The 75th Russian Women's Chess Championship was held concurrently in Moscow with the same schedule and format (11 rounds, 12 players). Anna Shukhman (aged 16, WGM) won the title with 7/10 points, half a point ahead of Leya Garifullina and Daria Charochkina.

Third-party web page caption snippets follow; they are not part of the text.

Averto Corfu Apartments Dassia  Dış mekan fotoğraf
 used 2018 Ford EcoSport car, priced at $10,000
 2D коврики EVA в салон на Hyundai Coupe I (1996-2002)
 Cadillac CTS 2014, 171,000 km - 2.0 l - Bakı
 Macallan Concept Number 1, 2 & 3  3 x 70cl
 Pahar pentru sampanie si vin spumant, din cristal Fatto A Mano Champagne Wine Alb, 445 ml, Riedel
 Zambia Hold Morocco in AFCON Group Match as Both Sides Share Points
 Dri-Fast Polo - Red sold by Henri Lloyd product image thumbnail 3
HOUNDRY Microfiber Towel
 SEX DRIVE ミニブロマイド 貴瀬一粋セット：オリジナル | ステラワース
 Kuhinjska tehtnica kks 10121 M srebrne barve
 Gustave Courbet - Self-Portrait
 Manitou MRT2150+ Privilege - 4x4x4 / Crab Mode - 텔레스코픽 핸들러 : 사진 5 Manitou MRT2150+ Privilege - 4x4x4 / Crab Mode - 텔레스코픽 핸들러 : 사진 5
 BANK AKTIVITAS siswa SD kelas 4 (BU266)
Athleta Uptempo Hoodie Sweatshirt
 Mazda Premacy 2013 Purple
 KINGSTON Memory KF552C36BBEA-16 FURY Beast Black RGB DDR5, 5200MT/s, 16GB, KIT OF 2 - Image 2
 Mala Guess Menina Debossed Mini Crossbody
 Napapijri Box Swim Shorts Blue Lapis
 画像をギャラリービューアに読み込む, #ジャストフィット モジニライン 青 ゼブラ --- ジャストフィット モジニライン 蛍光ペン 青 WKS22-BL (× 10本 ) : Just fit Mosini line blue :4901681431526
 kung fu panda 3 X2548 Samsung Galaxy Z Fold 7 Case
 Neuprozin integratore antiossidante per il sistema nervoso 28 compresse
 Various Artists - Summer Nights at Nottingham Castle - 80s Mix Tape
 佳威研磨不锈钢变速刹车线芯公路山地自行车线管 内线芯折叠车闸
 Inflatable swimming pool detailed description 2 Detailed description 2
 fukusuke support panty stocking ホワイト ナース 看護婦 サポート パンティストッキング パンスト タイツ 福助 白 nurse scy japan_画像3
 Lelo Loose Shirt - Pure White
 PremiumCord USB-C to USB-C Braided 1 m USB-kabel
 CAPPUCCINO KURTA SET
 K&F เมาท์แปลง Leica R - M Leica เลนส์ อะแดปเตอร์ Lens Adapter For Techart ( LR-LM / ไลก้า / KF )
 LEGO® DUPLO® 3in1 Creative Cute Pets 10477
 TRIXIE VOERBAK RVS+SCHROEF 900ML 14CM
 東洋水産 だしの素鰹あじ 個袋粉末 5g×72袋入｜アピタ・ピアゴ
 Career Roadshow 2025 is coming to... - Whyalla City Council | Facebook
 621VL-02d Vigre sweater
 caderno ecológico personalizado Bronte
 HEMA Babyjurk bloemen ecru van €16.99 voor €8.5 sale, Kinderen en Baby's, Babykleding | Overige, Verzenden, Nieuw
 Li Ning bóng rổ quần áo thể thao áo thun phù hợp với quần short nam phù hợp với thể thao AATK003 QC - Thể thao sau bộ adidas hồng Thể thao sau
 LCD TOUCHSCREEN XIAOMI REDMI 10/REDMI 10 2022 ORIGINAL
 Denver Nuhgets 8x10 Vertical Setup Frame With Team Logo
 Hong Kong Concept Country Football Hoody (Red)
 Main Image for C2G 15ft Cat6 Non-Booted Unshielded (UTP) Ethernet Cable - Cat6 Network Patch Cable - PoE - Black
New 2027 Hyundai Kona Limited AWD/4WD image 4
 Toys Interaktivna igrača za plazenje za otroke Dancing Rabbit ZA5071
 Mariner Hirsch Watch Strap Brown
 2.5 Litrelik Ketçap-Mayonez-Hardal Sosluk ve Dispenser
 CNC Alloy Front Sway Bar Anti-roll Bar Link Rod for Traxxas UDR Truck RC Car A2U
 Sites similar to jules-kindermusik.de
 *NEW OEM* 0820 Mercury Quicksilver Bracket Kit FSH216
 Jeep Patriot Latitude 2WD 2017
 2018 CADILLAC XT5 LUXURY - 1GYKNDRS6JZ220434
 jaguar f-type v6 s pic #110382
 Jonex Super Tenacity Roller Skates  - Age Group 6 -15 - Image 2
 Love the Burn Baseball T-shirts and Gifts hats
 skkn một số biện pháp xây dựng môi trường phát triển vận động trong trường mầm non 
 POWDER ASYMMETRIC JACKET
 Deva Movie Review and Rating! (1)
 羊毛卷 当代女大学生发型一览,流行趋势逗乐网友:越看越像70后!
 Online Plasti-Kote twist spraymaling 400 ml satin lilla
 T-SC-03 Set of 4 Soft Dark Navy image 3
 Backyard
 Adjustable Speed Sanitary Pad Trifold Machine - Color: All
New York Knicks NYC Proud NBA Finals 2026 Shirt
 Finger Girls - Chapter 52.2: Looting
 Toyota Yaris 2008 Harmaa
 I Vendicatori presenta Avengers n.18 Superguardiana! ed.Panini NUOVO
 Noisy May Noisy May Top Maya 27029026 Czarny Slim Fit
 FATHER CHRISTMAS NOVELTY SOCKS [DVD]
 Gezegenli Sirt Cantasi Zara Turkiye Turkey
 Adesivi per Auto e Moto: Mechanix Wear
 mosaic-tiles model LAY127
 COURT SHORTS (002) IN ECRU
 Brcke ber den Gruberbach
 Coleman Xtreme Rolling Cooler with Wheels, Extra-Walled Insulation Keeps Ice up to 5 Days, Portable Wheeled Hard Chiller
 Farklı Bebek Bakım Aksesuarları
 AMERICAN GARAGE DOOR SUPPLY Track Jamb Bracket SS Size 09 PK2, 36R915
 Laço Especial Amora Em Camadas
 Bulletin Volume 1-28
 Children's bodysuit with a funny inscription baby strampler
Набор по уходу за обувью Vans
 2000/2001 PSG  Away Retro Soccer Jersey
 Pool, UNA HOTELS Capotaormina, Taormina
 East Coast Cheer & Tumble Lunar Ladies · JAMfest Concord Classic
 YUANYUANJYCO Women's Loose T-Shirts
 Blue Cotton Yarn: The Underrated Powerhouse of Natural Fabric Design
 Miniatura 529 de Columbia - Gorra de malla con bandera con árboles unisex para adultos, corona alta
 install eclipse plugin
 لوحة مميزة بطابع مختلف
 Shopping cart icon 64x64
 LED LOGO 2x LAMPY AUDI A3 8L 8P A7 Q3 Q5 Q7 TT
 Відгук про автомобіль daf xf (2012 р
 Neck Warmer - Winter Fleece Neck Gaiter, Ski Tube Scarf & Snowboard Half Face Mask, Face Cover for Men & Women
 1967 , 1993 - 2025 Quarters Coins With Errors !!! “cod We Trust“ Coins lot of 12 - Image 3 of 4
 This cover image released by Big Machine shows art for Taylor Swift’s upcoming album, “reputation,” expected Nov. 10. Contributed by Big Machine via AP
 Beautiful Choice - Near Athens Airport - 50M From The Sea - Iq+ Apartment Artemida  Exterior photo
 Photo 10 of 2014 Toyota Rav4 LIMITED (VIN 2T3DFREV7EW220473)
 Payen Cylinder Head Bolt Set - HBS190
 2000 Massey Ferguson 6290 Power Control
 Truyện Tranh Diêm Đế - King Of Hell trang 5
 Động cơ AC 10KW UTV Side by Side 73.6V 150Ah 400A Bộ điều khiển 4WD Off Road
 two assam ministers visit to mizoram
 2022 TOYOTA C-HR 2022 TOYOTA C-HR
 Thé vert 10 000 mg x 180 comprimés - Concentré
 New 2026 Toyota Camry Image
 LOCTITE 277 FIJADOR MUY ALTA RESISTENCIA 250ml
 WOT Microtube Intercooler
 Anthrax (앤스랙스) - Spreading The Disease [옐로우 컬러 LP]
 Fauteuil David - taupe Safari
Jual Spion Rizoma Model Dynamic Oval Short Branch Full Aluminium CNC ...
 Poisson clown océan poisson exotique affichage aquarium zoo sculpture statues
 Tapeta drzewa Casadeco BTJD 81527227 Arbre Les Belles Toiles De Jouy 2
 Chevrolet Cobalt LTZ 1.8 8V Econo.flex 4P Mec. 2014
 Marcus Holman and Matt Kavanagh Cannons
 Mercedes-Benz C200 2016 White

Shukhman secured victory by defeating Garifullina in the final round (the first game to finish that round).
Alisa Galliamova withdrew around the halfway stage due to health reasons, and her results were annulled.

=== Crosstable ===

Rk: Player; Title; Fed; 1; 2; 3; 4; 5; 6; 7; 8; 9; 10; 11; 12; Pts
1: Anna Shukhman; WGM; RUS; *; 1; ½; ½; ½; ½; 0; 1; 1; 1; 1; (+); 7
2: Leya Garifullina; IM; RUS; 0; *; 1; ½; 1; 1; 1; 0; 1; ½; ½; -1; 6.5
3: Daria Charochkina; IM; RUS; ½; 0; *; 1; 1; 0; ½; 1; ½; 1; 1; -1; 6.5
4: Polina Shuvalova; IM; RUS; ½; ½; 0; *; 0; ½; 1; ½; 1; 1; 1; (+); 6
5: Ekaterina Goltseva; WGM; RUS; ½; 0; 0; 1; *; ½; ½; ½; 1; ½; 1; (+); 5.5
6: Ekaterina Kovalevskaya; IM; RUS; ½; 0; 1; ½; ½; *; 0; ½; ½; ½; 1; (½); 5
7: Anastasia Bodnaruk; IM; RUS; 1; 0; ½; 0; ½; 1; *; 0; 1; ½; 0; (+); 4.5
8: Olga Girya; GM; RUS; 0; 1; 0; ½; ½; ½; 1; *; 0; 0; 1; (+); 4.5
9: Valentina Gunina; GM; RUS; 0; 0; ½; 0; 0; ½; 0; 1; *; 1; 1; -1; 4
10: Margarita Potapova; WIM; RUS; 0; ½; 0; 0; ½; ½; ½; 1; 0; *; ½; -1; 3.5
11: Yana Zhapova; WGM; RUS; 0; ½; 0; 0; 0; 0; 1; 0; 0; ½; *; (+); 2
12: Alisa Galliamova; IM; RUS; (-); 0; 0; (-); (-); (½); (-); (-); 0; 0; (-); *; 0

Note: (+) and (-) notations reflect adjustments due to Galliamova's withdrawal.

== Prize fund ==
The total prize fund for the superfinals was 11 million RUB. Each Russian champion (open and women's) received a LADA car from JSC AvtoVAZ, the official automobile partner of the event.

== Organization ==
The tournament was organized by the Chess Federation of Russia with support from the Ministry of Sports of the Russian Federation.